You could call her the Energizer Bunny.

For 43 years, Leslie Mirkovich has taught the same curriculum for the same grade at the same school.

She’s the expert on mealworms and states of matter, subtraction by thousands and silent reading.

She’s the Blakely champion of second-graders — and former second-graders’ second-graders. (When you’ve been teaching that long, you start to reach the next gen.)

This year — her final pre-retirement — she’s also the recipient of the Bainbridge Island Kiwanis Club’s Educator of the Year Award. Here’s what she had to say about the honor, her kids and the profession.

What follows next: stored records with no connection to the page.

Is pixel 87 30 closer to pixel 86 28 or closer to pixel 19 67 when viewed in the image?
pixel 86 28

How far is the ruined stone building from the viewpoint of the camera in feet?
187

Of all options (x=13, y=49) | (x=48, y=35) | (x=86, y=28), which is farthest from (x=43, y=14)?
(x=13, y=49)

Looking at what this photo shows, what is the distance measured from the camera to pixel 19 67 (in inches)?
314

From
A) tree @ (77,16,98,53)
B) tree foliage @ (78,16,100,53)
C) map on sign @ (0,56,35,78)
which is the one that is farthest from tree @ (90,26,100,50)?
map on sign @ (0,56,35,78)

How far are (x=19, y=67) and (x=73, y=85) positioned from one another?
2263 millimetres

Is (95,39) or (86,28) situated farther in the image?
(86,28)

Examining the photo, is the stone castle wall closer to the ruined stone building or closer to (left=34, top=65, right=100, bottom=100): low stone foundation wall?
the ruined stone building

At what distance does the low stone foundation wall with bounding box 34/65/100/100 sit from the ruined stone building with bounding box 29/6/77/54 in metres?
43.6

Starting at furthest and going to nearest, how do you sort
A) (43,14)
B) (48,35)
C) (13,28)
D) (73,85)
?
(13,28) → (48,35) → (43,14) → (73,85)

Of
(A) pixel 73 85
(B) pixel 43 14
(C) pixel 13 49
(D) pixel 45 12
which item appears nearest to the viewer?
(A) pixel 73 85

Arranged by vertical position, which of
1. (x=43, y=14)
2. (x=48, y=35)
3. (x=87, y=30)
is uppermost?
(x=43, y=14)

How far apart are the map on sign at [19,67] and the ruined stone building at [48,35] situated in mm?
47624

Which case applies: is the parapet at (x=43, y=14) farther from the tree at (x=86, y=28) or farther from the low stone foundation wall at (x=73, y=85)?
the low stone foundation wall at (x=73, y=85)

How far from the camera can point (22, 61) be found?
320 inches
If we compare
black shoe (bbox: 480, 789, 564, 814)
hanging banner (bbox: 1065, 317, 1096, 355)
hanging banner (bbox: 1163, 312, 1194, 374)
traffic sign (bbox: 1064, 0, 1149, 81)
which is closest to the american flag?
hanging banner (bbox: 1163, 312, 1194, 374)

On maintaining enthusiasm: “It’s the energy in the room, from all those little kids that keeps me going. They’re endearing and funny and frustrating and harassing, but it’s just a perfect age.”

Why she stayed at Blakely for 43 years: “Because Blakely quickly became ‘home.’ The staff welcomed me in, took me under their wings and treated me like family. They showed me how to teach and became my role models. I had the big brothers and sisters that I did not have as an only child. Each time the curriculum got ‘tired’ the district adopted something new.”

A rewarding moment: “A young single mom who had been raised on the island came back and wanted to enroll her daughter at school at Blakely. So they did that and escorted the mother and daughter to my classroom. They came in and the mom said, ‘It is you!’ I looked at her and realized I had had the mom as a second-grader and now I had her daughter.”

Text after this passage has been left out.